## Data Types and Formats

The format of individual columns and rows will impact analysis performed on a dataset read into a pandas DataFrame. For example, you can’t perform mathematical calculations on a string (text formatted data). This might seem obvious, however sometimes numeric values are read into pandas as strings. In this situation, when you then try to perform calculations on the string-formatted numeric data, you get an error.

### Types of Data
How information is stored in a DataFrame or a Python object affects what we can do with it and the outputs of calculations as well. There are two main types of data that we will explore in this lesson: numeric and text data types.

#### Numeric Data Types
Numeric data types include integers and floats. A floating point (known as a float) number has decimal points even if that decimal point value is 0. For example: 1.13, 2.0, 1234.345. If we have a column that contains both integers and floating point numbers, pandas will assign the entire column to the float data type so the decimal points are not lost.

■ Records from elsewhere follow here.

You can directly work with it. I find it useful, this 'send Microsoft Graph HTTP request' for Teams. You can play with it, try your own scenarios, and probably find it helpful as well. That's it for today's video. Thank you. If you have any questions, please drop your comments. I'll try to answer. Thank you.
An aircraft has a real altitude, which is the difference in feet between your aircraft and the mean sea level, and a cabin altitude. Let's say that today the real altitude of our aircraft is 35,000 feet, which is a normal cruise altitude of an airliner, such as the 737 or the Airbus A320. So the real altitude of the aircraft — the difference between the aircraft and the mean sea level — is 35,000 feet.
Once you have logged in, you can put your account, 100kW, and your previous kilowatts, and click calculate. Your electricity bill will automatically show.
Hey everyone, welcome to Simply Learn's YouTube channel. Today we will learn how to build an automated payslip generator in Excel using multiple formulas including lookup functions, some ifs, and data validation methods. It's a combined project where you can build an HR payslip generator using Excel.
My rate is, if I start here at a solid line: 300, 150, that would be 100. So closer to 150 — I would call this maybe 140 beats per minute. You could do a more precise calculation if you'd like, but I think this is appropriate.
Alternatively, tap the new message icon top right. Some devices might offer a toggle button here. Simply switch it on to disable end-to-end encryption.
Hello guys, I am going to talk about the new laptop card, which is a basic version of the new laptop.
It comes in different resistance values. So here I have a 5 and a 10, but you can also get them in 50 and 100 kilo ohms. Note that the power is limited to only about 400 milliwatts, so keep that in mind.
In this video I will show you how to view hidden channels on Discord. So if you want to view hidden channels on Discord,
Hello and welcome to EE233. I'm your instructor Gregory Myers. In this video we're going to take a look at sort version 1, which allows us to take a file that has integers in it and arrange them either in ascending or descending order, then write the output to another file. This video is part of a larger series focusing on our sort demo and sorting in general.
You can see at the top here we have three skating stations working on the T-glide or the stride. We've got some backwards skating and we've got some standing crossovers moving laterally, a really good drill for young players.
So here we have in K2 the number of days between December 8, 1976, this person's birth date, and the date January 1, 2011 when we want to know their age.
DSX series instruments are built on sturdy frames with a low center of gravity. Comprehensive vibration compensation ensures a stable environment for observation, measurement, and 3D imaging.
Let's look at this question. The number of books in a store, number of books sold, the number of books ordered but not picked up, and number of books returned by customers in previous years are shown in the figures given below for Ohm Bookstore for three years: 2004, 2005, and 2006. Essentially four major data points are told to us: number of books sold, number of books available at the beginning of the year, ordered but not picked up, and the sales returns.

An integer will never have a decimal point. Thus if we wanted to store 1.13 as an integer it would be stored as 1. Similarly, 1234.345 would be stored as 1234. You will often see the data type Int64 in pandas which stands for 64 bit integer. The 64 refers to the memory allocated to store data in each cell which effectively relates to how many digits it can store in each “cell”. Allocating space ahead of time allows computers to optimize storage and processing efficiency.

### Text Data Type
The text data type is known as a string in Python, or object in pandas. Strings can contain numbers and / or characters. For example, a string might be a word, a sentence, or several sentences. A pandas object might also be a plot name like 'plot1'. A string can also contain or consist of numbers. For instance, '1234' could be stored as a string, as could '10.23'. However strings that contain numbers can not be used for mathematical operations!

pandas and base Python use slightly different names for data types. More on this is in the table below:


| Pandas Type               | Native Python Type | Description                                                                                       |
|---------------------------|--------------------|---------------------------------------------------------------------------------------------------|
| `object`                  | `string`           | The most general dtype. Assigned to columns with mixed types (numbers and strings).               |
| `int64`                   | `int`              | Numeric characters. 64 refers to the memory allocated to store each value.                        |
| `float64`                 | `float`            | Numeric characters with decimals. Used when a column has numbers and NaNs.                        |
| `datetime64`, `timedelta[ns]` | N/A (use `datetime` module) | Time-related values. Useful for time series analysis.                                   |


## Checking the format of our data
Now that we’re armed with a basic understanding of numeric and text data types, let’s explore the format of our survey data. We’ll be working with the same surveys.csv dataset that we’ve used in previous lessons.

In [2]:
# Make sure pandas is loaded
import pandas as pd

# Note that pd.read_csv is used because we imported pandas as pd
surveys_df = pd.read_csv("../Files/surveys.csv")

In [3]:
type(surveys_df)

pandas.core.frame.DataFrame

In [4]:
surveys_df['sex'].dtype

dtype('O')

A type ‘O’ just stands for “object” which in pandas is a string (text).

In [5]:
surveys_df['record_id'].dtype

dtype('int64')

In [6]:
surveys_df.dtypes

record_id            int64
month                int64
day                  int64
year                 int64
plot_id              int64
species_id          object
sex                 object
hindfoot_length    float64
weight             float64
dtype: object

Note that most of the columns in our survey_df data are of type int64. This means that they are 64 bit integers. But the weight column is a floating point value which means it contains decimals. The species_id and sex columns are objects which means they contain strings.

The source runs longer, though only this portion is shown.